Windsor

New Windsor library rules unfairly discriminate against homeless, advocates say

The Windsor Public Library (WPL) has received criticism from homelessness and poverty reduction advocates concerned that new rules at the library unfairly discriminate against people who are homeless. 

Experts are concerned about new rules around sleeping, offensive body odour and personal belongings

Patsy Copus runs the Angels for the Homeless Facebook page. She says that the library's new rules aren't fair for everyone. (Tahmina Aziz/CBC)

The Windsor Public Library (WPL) is facing criticism from homelessness and poverty reduction advocates concerned that new rules at the library unfairly discriminate against people who are homeless.

As part of the WPL's customer code of conduct, anyone who visits a library branch is expected to be respectful, considerate, law-abiding and responsible. 

WPL's code of conduct goes even further, including provisions stating that patrons can't sleep or emit offensive smells. Patrons are also only allowed to bring a maximum of three bags, suitcases, backpacks or boxes — a rule implemented because of the smaller size of the Central Branch at 185 Ouellette Ave.

Patsy Copus — who runs the Angels for the Homeless Facebook page — said that the library's rules aren't for everyone, and especially affects individuals at the Central Branch location.

Pointing to the rule about offensive odours, Copus said not everyone has access to resources like showers, including individuals experiencing homelessness. 

"These people don't have public showers, they can't shower before they go in there," she said. "So having that as one of the rules is pretty discriminating."

Included in the Windsor Public Library's new rules are provisions stating that patrons can't sleep in the library, or emit offensive body odour. (Tahmina Aziz/CBC)

Travis Reitsma, a PhD candidate in sociology at the University of Windsor who studies poverty reduction, said some of the new rules struck him as "openly classist."

"Especially when you talk about obnoxious smells or sleeping in the library or limiting the number of items you can bring in, these are things that directly impact people in extreme poverty who often have no other place to go, who have no access to safe and warm places to sleep for even a short period of time, or access to a shower or clean clothes," he said. 

Still, library CEO Kitty Pope said staff were shocked to learn about the reaction generated by the new rules.

"As a public library, we welcome everybody," she said. "And I think that there is a very narrow definition of some of those things."

... These are things that directly impact people in extreme poverty ...- Travis Reitsma, PhD Candidate, University of Windsor

Pope explained that the library maintains two "fundamental principles." First, no one can do anything illegal inside a library. Second, no one should bother anyone else in a library. 

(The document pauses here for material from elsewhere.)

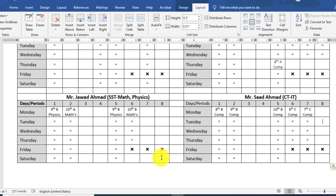Viewers, in this video I showed you how to create a teacher timetable in Microsoft Word 2019. Thanks for watching this video.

"So that offensive odour comes under that umbrella," she said, adding that the odour rule has been part of the library's code of conduct "for many years."

At the same time, Pope said that library staff rarely speak to patrons about personal hygiene.

"That whole discussion, we are shocked at, because that's not what we usually deal with," she said.

Windsor Public Library CEO Kitty Pope says she's surprised by the backlash to the new rules. (Tahmina Aziz/CBC)

Additionally, Pope said that the rule about limiting personal belongings is a result of the fact that the new Central Branch is smaller than the previous location.

"We simply don't have the room," she said. "And so folks coming in with four and five and six large bags, we can't accommodate them in this small space. It has nothing to do with who they are."

Pope said that anyone offended or upset by the library's rule should consult with staff.

"Come and talk to us and we would be glad to explain how we interpret it, how we use it," she said. "And the bottom line is don't do anything illegal in the library and don't bother the guy next to you."

Despite some of the backlash received by the library, Pope said visitors have been "nothing but gracious."

"We have had no negative response from our customers who walk in the door everyday," she said. "So perhaps that's why we're a little surprised about … the social media response."

WPL will test out the new rules for the next 10 months to determine whether the updated code of conduct will remain permanent.